Fellow members of the Senate, this is a short speech, but it includes a number of long and frankly tedious documents, which are unfortunately necessary to the argument. It calls into question, among other things, the validity of the Ballot referred to in Paragraph 12 of the Annual Report of the Council for 2000-01.

The problem is that although according to University Statute A (Chapter III, Section 7) Computer Associates and certain other unestablished staff are members of the Regent House they are not automatically promulgated as such and hence are disenfranchised by being excluded from the University's governing body.

I discovered my name was not on the alleged Roll on 9 November last, two days after the alleged promulgation. My administrator was adamant that it was nothing to do with him, but suggested I take it up with the Registry. The content of two letters to the Registrary seems to have been mostly ignored, receiving dismissive responses.

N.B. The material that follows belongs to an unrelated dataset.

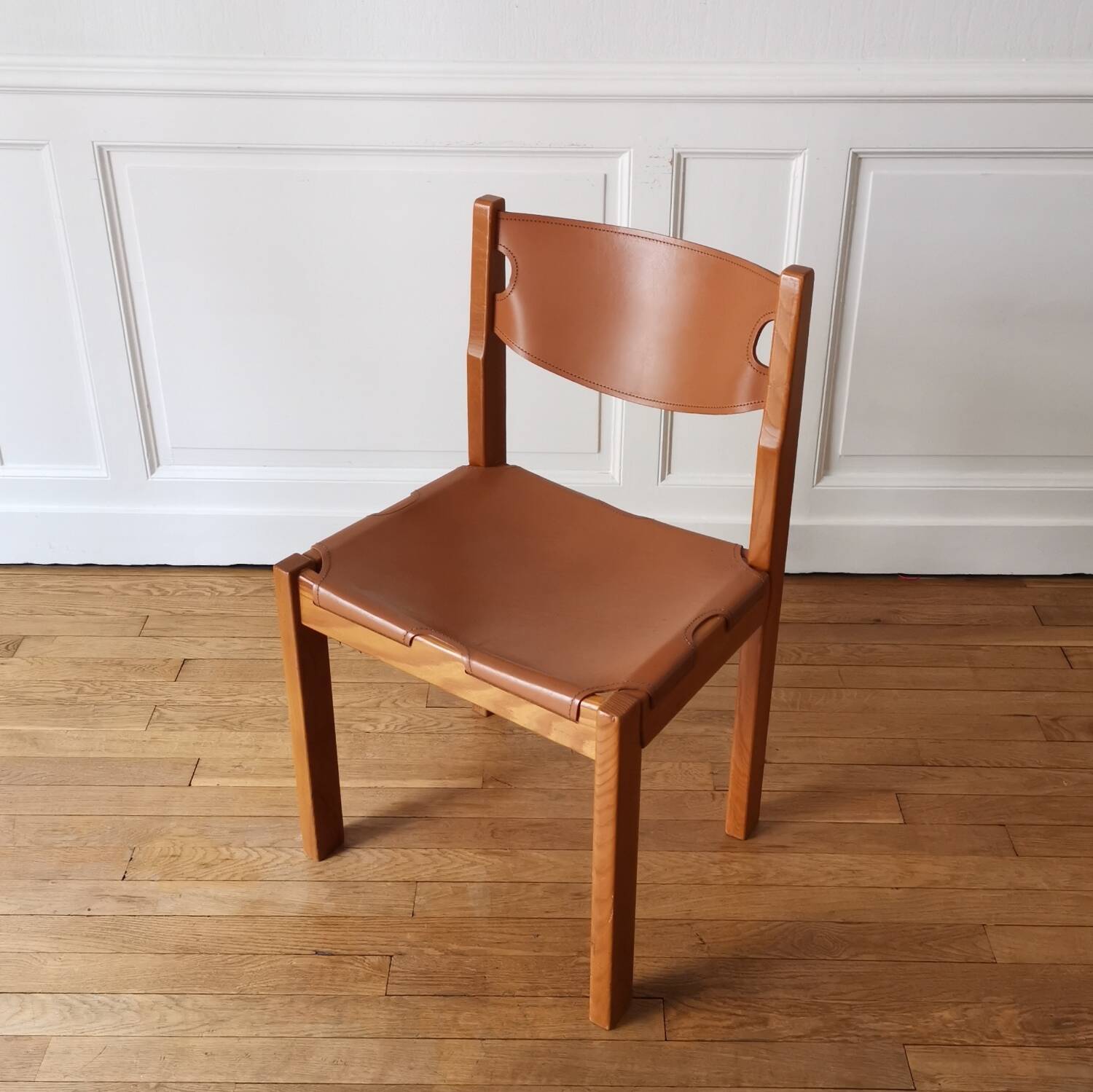 Elm and leather chair, Maison Regain, 1970/80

I shall not read this correspondence out but it is available, together with the substance of this speech, at http://www.cus.cam.ac.uk/~sjb1/regenthouse/.

I appealed to the Vice-Chancellor:

Dear Vice-Chancellor,

I am writing to you in pursuance of Statute K (Section 5).

Contrary to Statute A (Chapter III, Section 7) the Registrary has promulgated a Roll of the Regent House which omits the names of a significant number of members of the Regent House, specifically many unestablished staff with appointments as listed in footnote 1 on page 6 of Statutes and Ordinances 2001, and particularly me, a Computer Associate. I cannot be sure how many have been omitted, but those cases I have been able to check and the Registrary's explanation of his (mis)reading of Subsection 7(e) confirm my claim.

I enclose copies of my letters to the Registrary and his replies. Our two exchanges of letters have taken almost three weeks (I wrote back by the next day and delivered my letters immediately by hand). As you know, I am required to write to you within thirty days, so no significant discussion has been possible.

My initial letter to the Registrary (13 November) was written in response to the explanation given to me by Registry staff (and quoted in my letter). My letter also clearly shows that I have read Statute A and have picked out Subsubsection 7(e)(ii) as applicable. The patronising ('not quite correct') and pedantic first paragraph of the reply (14 November) ignores this. Perhaps the Registrary is trying to be clear. The second paragraph loses all grip on reality, however, inventing the phrase 'institutions which are independent of Faculties' and consequently inferring that Subsubsection 7(e)(i) must apply to me. In fact, the correct reading is the reverse: Subsubsection 7(e)(i) ('members of Faculties') clearly does not apply to me as I am not a member of a Faculty, but Subsubsection 7(e)(ii) ('other members of the University ...') is an alternative and its conditions have to be considered for (all) those who are not members of Faculties. The Registrary then argues that membership of the Faculty of Law is necessary, whereas, of course, membership of any Faculty would be sufficient. There is no logic in his arguments.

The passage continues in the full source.